Database Vocabulary: 80 Terms Every DBA Must Know

Database Administrators keep data available, consistent, and performant at scale. Their vocabulary spans SQL, performance tuning, high availability, backup strategies, security, and monitoring. This guide covers the 80 terms you need to discuss, document, and troubleshoot database systems in professional English.

Core ACID Properties

ACID

ACID defines the four properties that guarantee reliable transactions in a relational database:

Atomicity — all operations in a transaction succeed, or none do
Consistency — the database moves from one valid state to another
Isolation — concurrent transactions do not interfere with each other
Durability — once committed, changes persist even after a system failure

Transaction

A transaction is a unit of work that includes one or more database operations. Transactions begin with BEGIN, end with COMMIT (success) or ROLLBACK (failure).

Commit

A commit finalises a transaction — writing all changes permanently to storage.

Rollback

A rollback undoes all changes made within a transaction, restoring the database to its state before the transaction began.

Savepoint

A savepoint is a named point within a transaction. You can rollback to a savepoint without abandoning the entire transaction.

Isolation Levels

Isolation Level

The isolation level controls how much a running transaction is visible to other concurrent transactions. Standard SQL isolation levels (from weakest to strongest):

Level	Dirty Read	Non-Repeatable Read	Phantom Read
Read Uncommitted	Possible	Possible	Possible
Read Committed	Prevented	Possible	Possible
Repeatable Read	Prevented	Prevented	Possible (in theory)
Serializable	Prevented	Prevented	Prevented

Dirty Read

A dirty read occurs when a transaction reads data written by another transaction that has not yet committed — can read data that will be rolled back.

Non-Repeatable Read

A non-repeatable read occurs when a transaction re-reads a row and finds it has changed because another transaction committed an update.

Phantom Read

A phantom read occurs when a transaction re-executes a query and finds new rows that weren’t there before — because another transaction committed an insert.

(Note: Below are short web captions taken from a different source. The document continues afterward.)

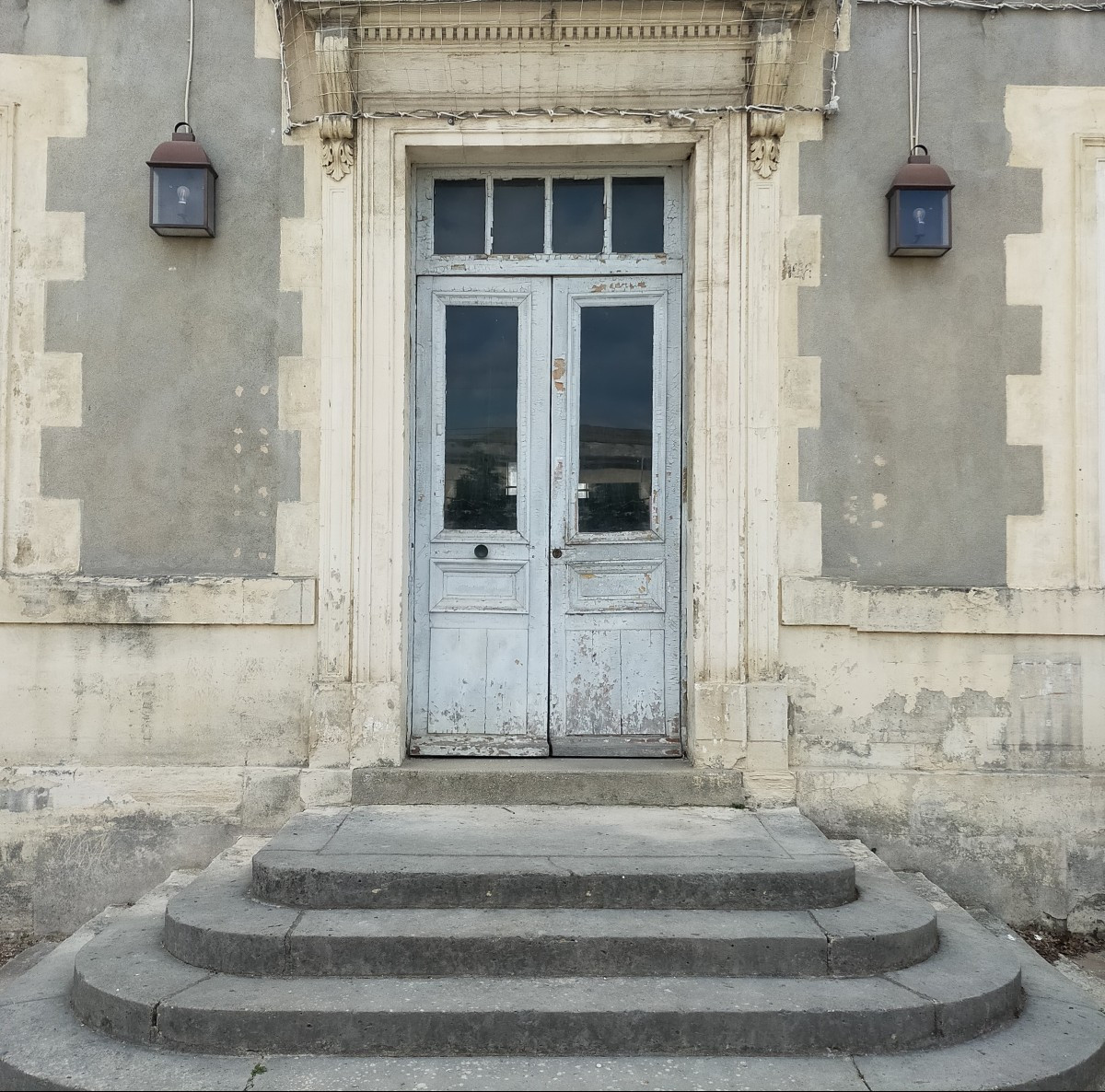 Double porte vitrée ancienne 2 grands carreaux époque 1880 en chêne-photo-2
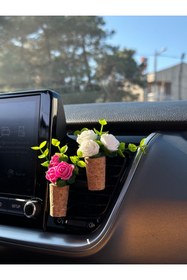 Resim Plantarrium Design Oto Aksesuar/koku- Mini Mantar Taraftar Buket "Beyaz Sarmaşık" 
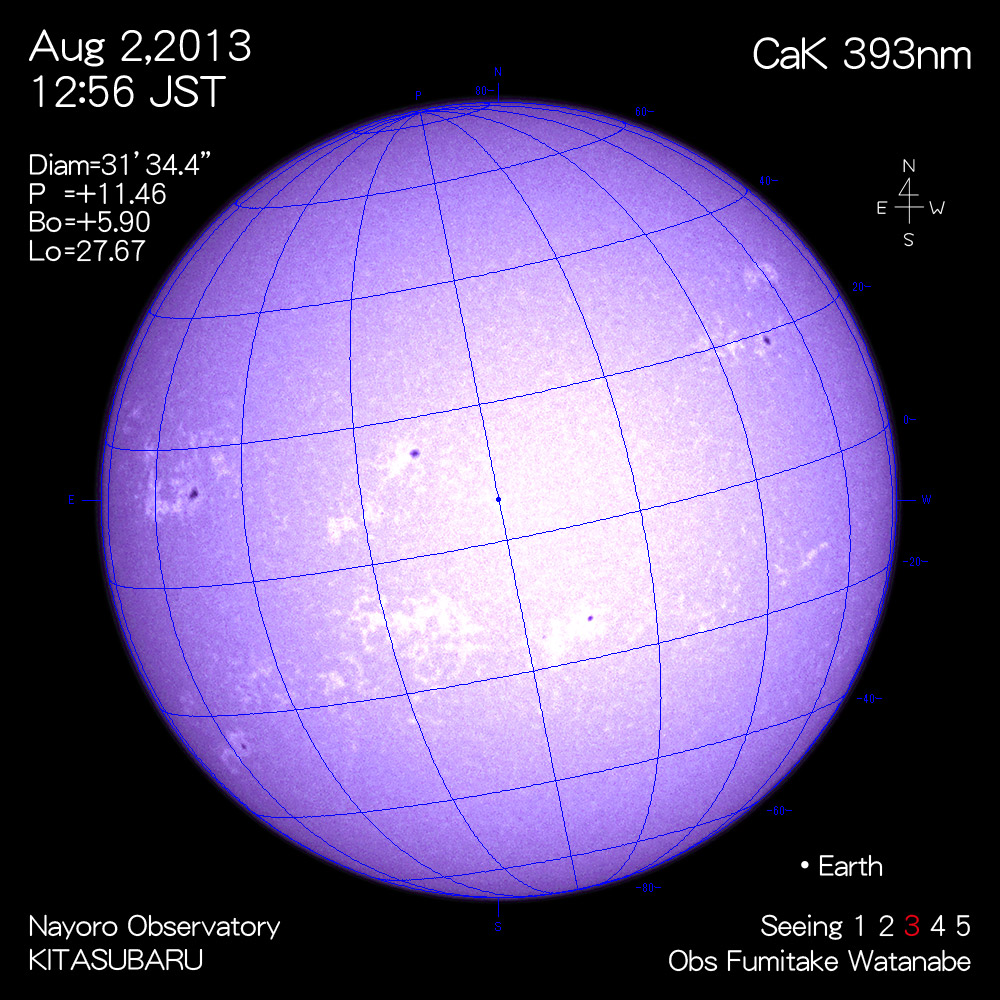 2013年8月2日CaK波長の太陽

MVCC (Multiversion Concurrency Control)

MVCC allows multiple transactions to read consistent snapshots of the data without blocking writers. PostgreSQL uses MVCC extensively — readers never block writers and writers never block readers.

Indexing

Index

An index is a data structure that speeds up data retrieval at the cost of additional storage and write overhead. Without an index, a query requires a sequential full-table scan.

B-Tree Index

The B-tree (balanced tree) index is the default index type in most relational databases. Supports equality (=) and range queries (<, >, BETWEEN).

Hash Index

A hash index is optimised for exact equality lookups only — not ranges. Faster than B-tree for equality but rarely used in practice (PostgreSQL hash indexes don’t support < or >).

Composite Index

A composite index covers multiple columns. The order matters: (last_name, first_name) can serve queries on last_name alone or (last_name, first_name), but not first_name alone (left-prefix rule).

Covering Index

A covering index includes all columns needed by a query — the database can satisfy the query entirely from the index without accessing the main table (heap) at all.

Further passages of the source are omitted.